I Get Tricked By the Pollen Dataset

In a nutshell: I found a dataset, “529_pollen”, that I thought would make a nice challenge for a regression (predict a single numeric value) prediction model. But after a few hours of thrashing around, I discovered that the dataset is basically just random values, and so I had wasted my time.

It all started when I was looking for a dataset to try some new ideas for a regression prediction model. After searching the Internet for a bit, I came across the “Pollen Dataset”, aka “529_pollen”, at http://www.openml.org/d/529. I gave the data description only a quick glance (this is where I went wrong — I should have looked more closely) and dove in.

The dataset was generated synthetically, and has 3,848 rows. Each row has six values and looks like this:

-2.3482,  3.6314,  5.0289, 10.8721, -1.3852, 1
-1.1520,  1.4805,  3.2375, -0.5939,  2.1235, 2
-2.5245, -6.8633, -2.8037,  8.4631, -3.4126, 3
. . .

The first four values on each row are the predictors: “ridge”, “nub”, “crack”, “weight”. The fifth value is “density”, the value to predict. The sixth value is a 1-based ID.

I randomly split the data into a 2,886-item set for training (75%) and a 962-item set for testing (25%). To get ready, I ran the data through a scikit LinearRegression model and a scikit GradientBoostingRegressor model. Both models scored about 25% accuracy on the training and test data (a prediction within 0.20 of the true target y value).

“That’s odd”, I thought. I expected a poor accuracy using linear regression but a much higher accuracy using gradient boosting regression. But I confidently created a PyTorch regression model and got . . . about 25% accuracy.

I spent a couple of frustrating hours trying to fine-tune my PyTorch model, but nothing seemed to work.

Only at this point did I take a closer look at the data description. To make a long story short, the data is essentially just random noise and there’s no reason to believe that any machine learning technique can score high accuracy. Arg.

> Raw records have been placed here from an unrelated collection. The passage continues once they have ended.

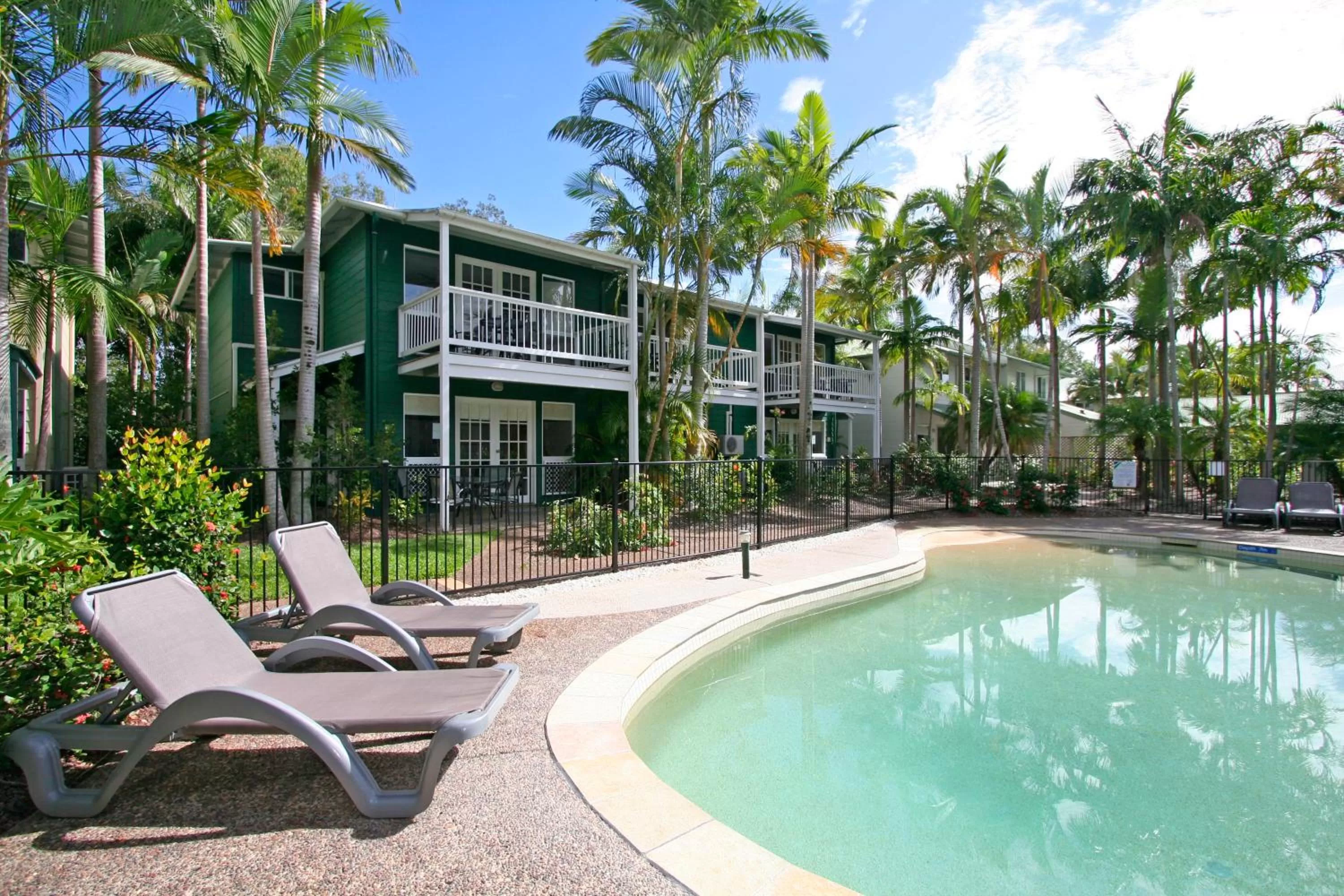 Property building in Coral Beach Noosa Resort
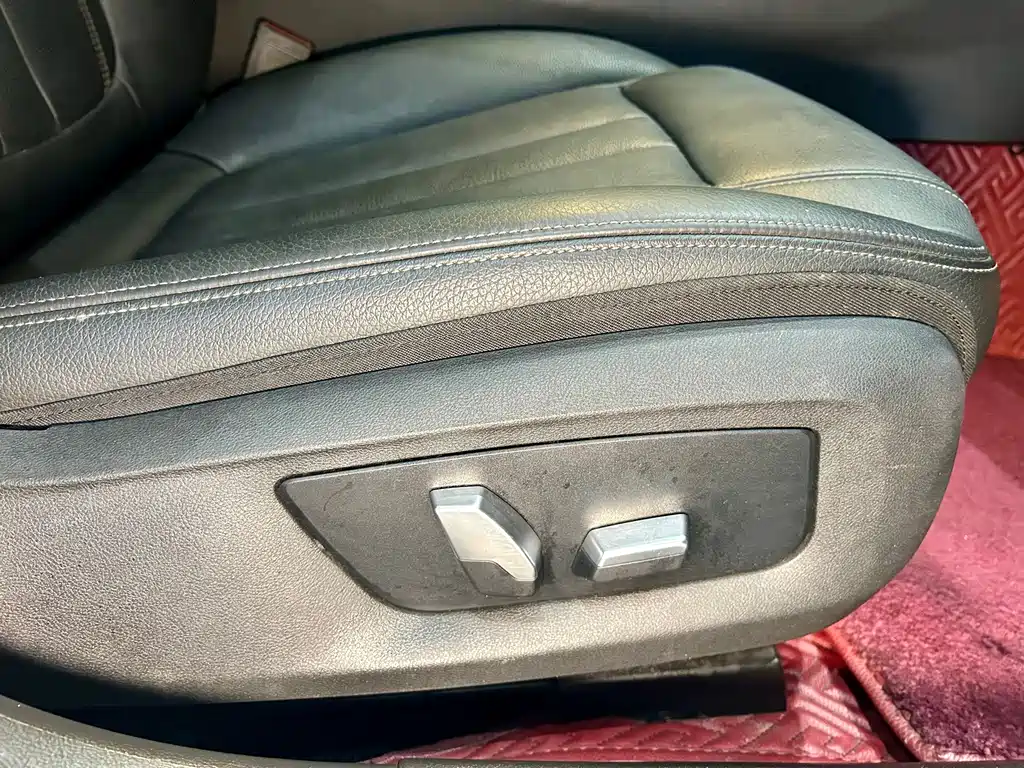 BMW 5 Series — миниатюра 35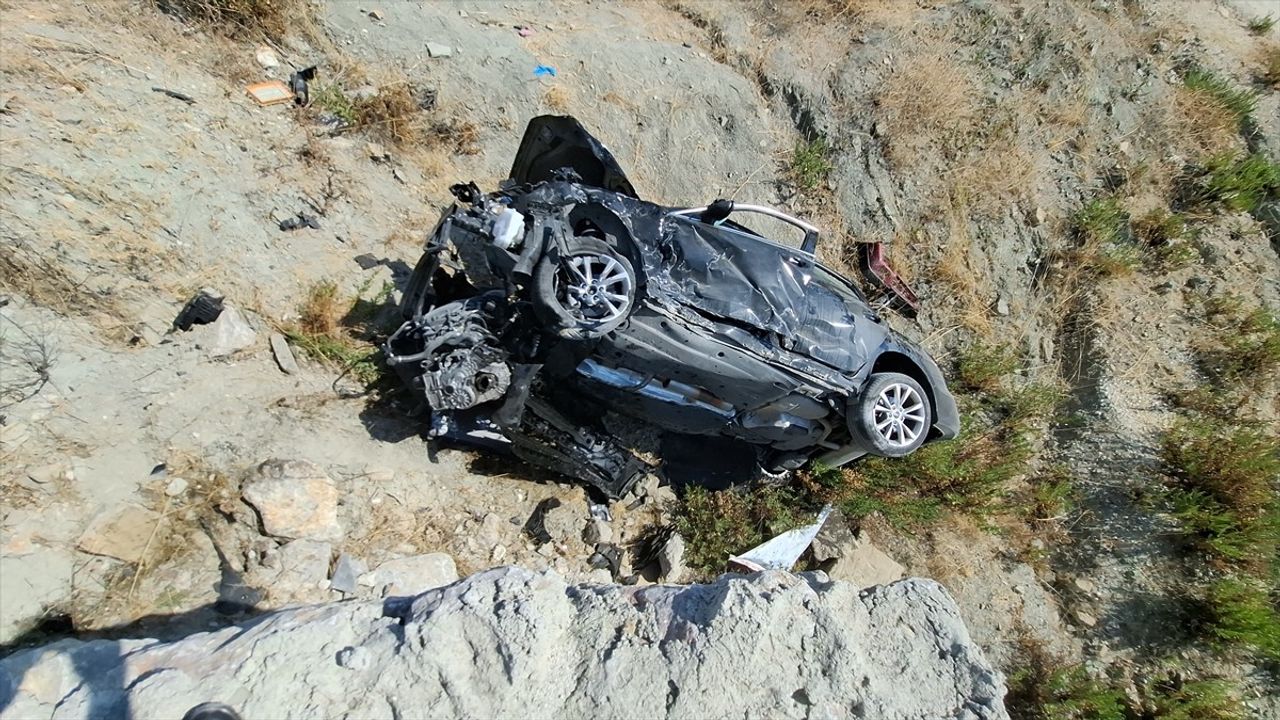 Antalya Manavgat'ta otomobil şarampole devrildi: 1 kişi öldü, 1 kişi ağır yaralandı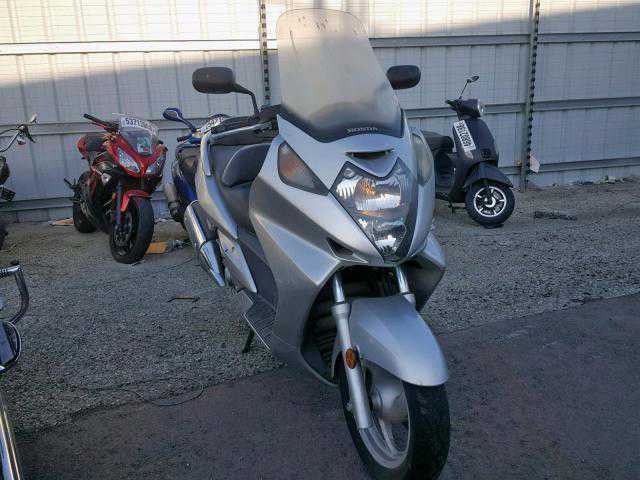Honda FSC600 (Silver Wing)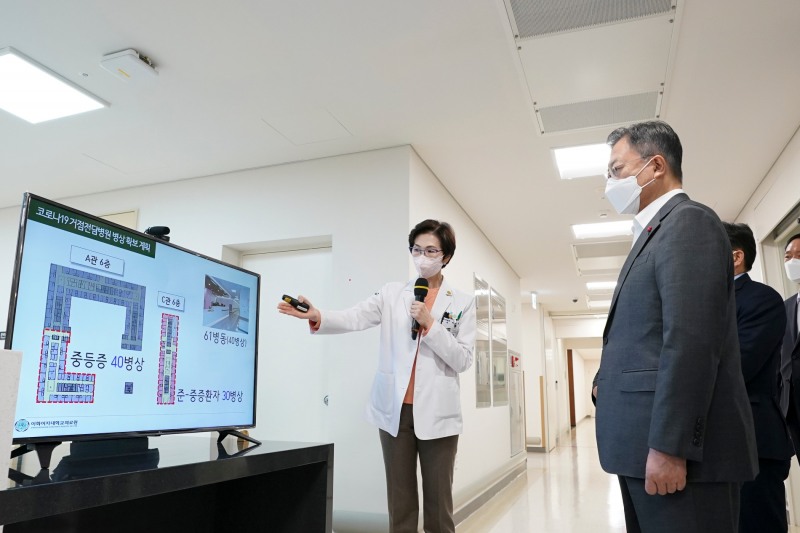 문대통령, 코로나 거점병원 방문... 병상확보 상황 점검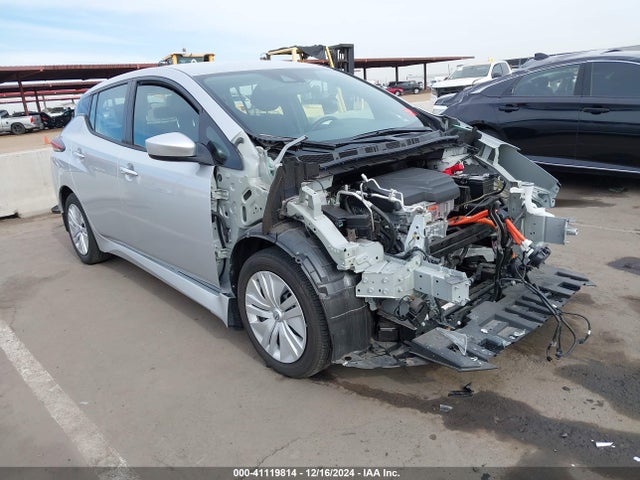 2022 nissan leaf
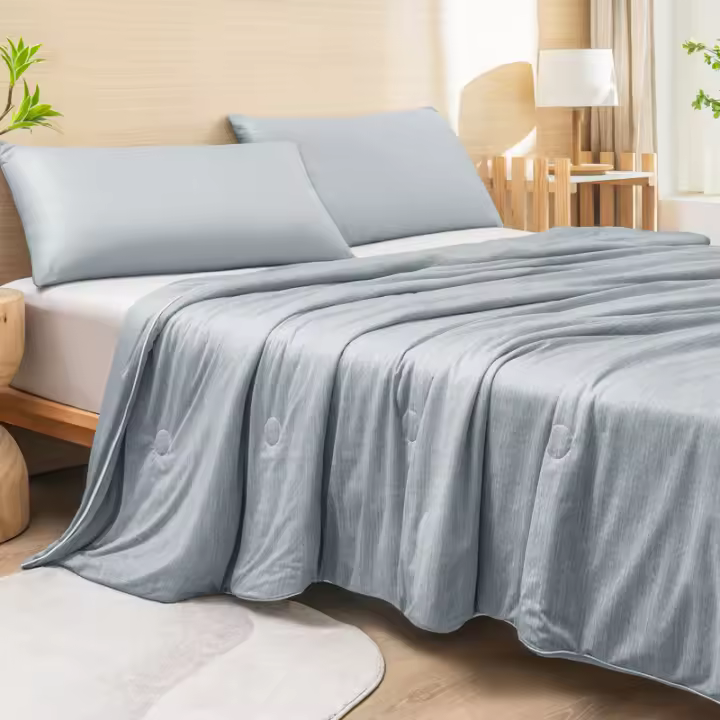 Edredón De Enfriamiento Para Cama Seda Cómodo Y Ligero Edredón De Verano Con Tela Fría De Dos Lados Y Fabricado En Poliéster - 1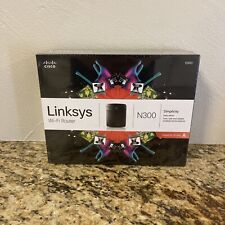 Linksys E900 300 Mbps 4-Port 10/100 Wireless N Router (E900-NP) picture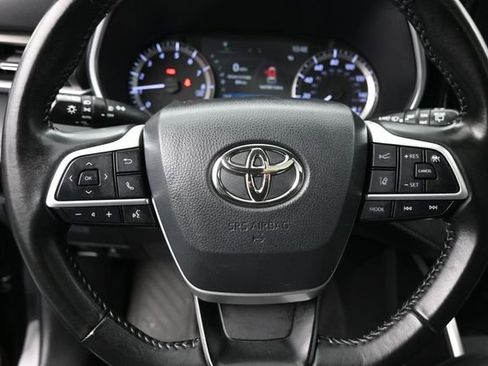 Used 2023 Toyota Highlander XLE AWD/4WD image 9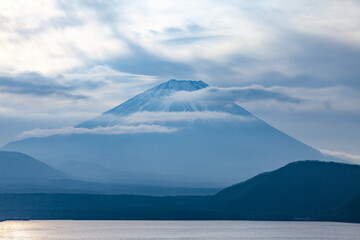 本栖湖の朝　山梨県身延町にて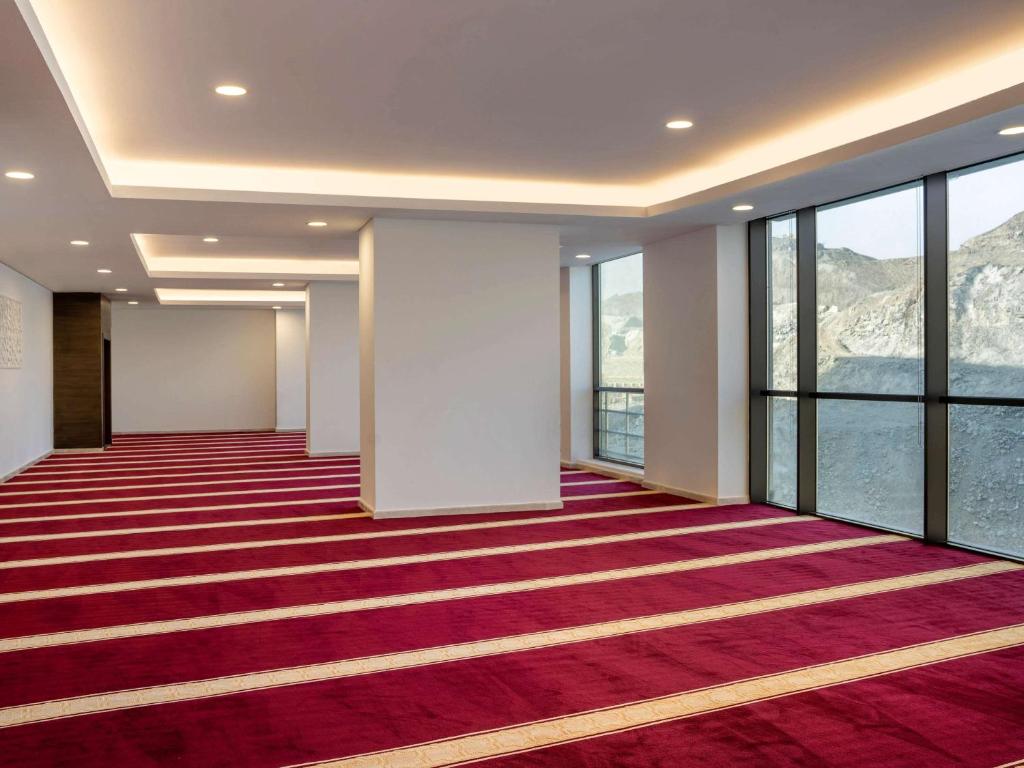 Novotel Thakher Makkah Hotel mosque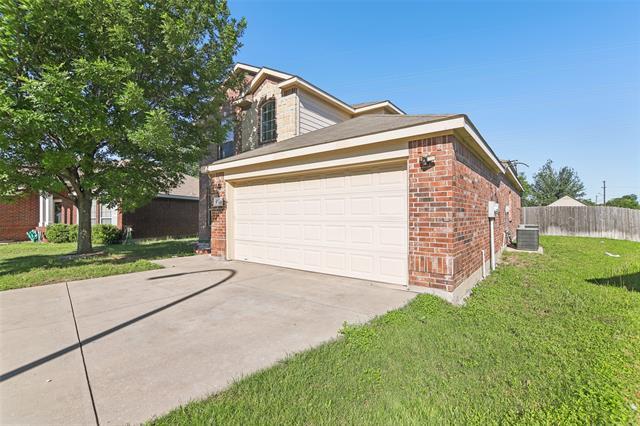 Building Photo - 6321 Stone Lake Dr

Lesson learned: machine learning prediction models always begin by understanding the data.

I don’t enjoy getting tricked by synthetic datasets. But I love magic tricks, especially those that rely on a “gimmick” — a physical device of some sort (as opposed to tricks that rely on sleight-of-hand).

Here’s an example of a homemade Card Vanish gimmick. The magician has a frame with three horizontal windows. He puts a playing card into the frame, and after the frame is covered for an instant, the card vanishes. The trick depends on a gimmicked card with two horizontal windows. When the gimmicked card slides down the frame, the windows line up, and the card part is hidden by the frame bars, and the card appears to vanish.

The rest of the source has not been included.